Enfin, il est envisageable que les certificats, sorte de clé de voûte de la sécurisation des données par
TLS/SSL, censés être privés et très protégés, aient été rendus accessibles par la faille. Ce qui signifie que même lorsque la faille d'OpenSSL sera corrigée et la nouvelle version appliquée aux sites vulnérables, des assaillants qui ont préalablement intercepté la clé nécessaire au déchiffrement des données protégées seront encore en mesure d'y accéder.
« Ce sont les joyaux de la couronne, les clés de chiffrement elles-mêmes », souligne le site Heartbleed.com. Ces clés « permettent aux pirates de déchiffrer tous les trafics, passés et à venir, vers les services protégés et d'imiter ces services ».
Il est également possible que les « cookies », ces fichiers qui stockent vos identifiants sur un site afin de vous identifier, soient également accessibles, ce qui permet potentiellement à un assaillant de se connecter en votre nom au site en question.
Adam Langley, un informaticien de Google qui a participé à la correction de la faille, est cependant plus mesuré, et explique n'avoir pu accéder lors de ses tests qu'à des informations très parcellaires.
Quels sites sont touchés ?
OpenSSL étant utilisé par un très grand nombre de sites et de services, la faille est très répandue. Cette faille, très importante, a mobilisé d'importantes ressources au sein des grandes entreprises, et nombre d'entre elles ont déployé des correctifs assez rapidement. Des « géants » de l'Internet, seul Yahoo! a été semble-t-il concerné (la faille y a été, depuis, corrigée).
Apple, Google, Microsoft, Facebook et la majorité des sites d'e-commerce et bancaires ne le sont pas – il existe plusieurs manières d'implémenter OpenSSL, ainsi que des systèmes alternatifs, et toutes les versions ne sont pas touchées.
Mais de plus petits sites, traitant des données confidentielles, peuvent mettre davantage de temps à être protégés. Par ailleurs, il faut noter que certains sites, pourtant vulnérables, ne traitent pas d'informations sensibles.
Le site Filippo.io/heartbleed permet de tester si un site est vulnérable ou non. Ouf, nous sommes saufs.
Que faire ?
Dans un monde idéal, il faudrait éviter les activités sensibles (courriels, banque, achats...) sur Internet pendant quelques temps. C'est ce que recommande par exemple un billet publié sur le site de Tor, un système d'anonymisation sur Internet.
Dans un premier temps, pour les utilisateurs lambda, changer de mot de passe est inutile, et peut même être contre-productif. En effet, si la faille d'OpenSSL n'est pas corrigée sur le site, le nouveau mot de passe pourra être visible à son tour. Il faut donc, avant tout, attendre que les responsables des sites vulnérables mettent à jour leurs dispositifs de sécurité. Puis, pour l'utilisateur, relancer le site ou le service pour que ces nouvelles protections s'appliquent.

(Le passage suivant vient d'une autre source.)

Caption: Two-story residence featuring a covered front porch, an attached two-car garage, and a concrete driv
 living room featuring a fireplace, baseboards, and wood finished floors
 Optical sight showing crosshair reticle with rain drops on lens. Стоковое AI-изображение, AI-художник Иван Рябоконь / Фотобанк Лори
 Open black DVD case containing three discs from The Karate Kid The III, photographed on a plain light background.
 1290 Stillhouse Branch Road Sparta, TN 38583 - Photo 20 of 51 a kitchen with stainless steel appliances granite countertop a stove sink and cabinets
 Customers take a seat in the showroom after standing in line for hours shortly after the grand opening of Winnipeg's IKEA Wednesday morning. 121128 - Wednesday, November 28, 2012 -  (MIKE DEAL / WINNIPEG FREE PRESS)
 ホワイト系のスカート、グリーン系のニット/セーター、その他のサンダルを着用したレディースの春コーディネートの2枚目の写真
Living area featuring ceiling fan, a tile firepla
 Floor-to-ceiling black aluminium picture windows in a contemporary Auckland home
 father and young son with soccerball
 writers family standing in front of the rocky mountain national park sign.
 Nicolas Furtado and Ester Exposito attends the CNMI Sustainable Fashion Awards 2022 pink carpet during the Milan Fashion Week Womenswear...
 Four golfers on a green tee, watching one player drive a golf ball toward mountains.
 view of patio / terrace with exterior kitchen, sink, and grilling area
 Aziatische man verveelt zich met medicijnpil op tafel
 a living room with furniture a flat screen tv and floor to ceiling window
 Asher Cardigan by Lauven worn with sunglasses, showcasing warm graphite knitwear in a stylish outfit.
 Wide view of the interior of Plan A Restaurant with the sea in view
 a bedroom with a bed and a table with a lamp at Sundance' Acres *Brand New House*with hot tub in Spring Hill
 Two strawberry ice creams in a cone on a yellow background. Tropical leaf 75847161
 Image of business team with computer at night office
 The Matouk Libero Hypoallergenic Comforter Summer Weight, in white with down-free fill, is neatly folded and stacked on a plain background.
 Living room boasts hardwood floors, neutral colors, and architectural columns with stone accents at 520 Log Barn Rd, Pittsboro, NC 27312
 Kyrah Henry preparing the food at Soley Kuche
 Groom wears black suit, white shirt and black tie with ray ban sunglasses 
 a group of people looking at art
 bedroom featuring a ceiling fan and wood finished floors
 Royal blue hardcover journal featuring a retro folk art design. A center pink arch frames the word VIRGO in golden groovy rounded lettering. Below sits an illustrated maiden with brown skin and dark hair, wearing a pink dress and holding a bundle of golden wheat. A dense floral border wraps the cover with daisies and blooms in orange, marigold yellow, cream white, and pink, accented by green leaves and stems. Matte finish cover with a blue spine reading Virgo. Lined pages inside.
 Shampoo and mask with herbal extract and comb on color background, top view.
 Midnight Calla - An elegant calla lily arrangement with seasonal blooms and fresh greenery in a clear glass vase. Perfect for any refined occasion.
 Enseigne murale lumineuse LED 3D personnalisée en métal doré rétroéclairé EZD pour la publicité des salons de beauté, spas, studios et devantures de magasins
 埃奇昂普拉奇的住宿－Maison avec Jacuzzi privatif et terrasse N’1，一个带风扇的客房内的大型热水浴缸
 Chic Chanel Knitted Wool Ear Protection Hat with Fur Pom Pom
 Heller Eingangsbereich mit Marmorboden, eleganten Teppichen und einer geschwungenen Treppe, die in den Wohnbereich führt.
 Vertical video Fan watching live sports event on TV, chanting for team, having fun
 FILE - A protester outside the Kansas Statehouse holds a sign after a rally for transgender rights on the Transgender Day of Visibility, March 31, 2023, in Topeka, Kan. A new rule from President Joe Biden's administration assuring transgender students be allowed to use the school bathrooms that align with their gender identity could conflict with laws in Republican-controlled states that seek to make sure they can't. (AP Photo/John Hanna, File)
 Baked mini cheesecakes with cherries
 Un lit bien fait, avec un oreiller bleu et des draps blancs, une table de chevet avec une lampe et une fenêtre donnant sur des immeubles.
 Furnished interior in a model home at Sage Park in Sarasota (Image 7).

Il est conseillé de surveiller, dans les prochains jours, les annonces des sites que vous utilisez afin de s'assurer qu'ils prennent les mesures nécessaires. En cas de doute, le site Filippo.io/Heartbleed permet de tester si un site est vulnérable ou non. En revanche, certaines mesures nécessaires ne sont pas détectées par ce site, comme le renouvellements des certificats ou des mots de passe des administrateurs.
Enfin, soyez particulièrement vigileants quant aux courriels que vous recevrez dans les prochains jours. Certains adeptes du phishing (vous faire croire que vous allez sur le site de votre banque, par exemple, alors qu'il s'agit d'un site pirate), pourrait utiliser certaines des données interceptées pour vous cibler.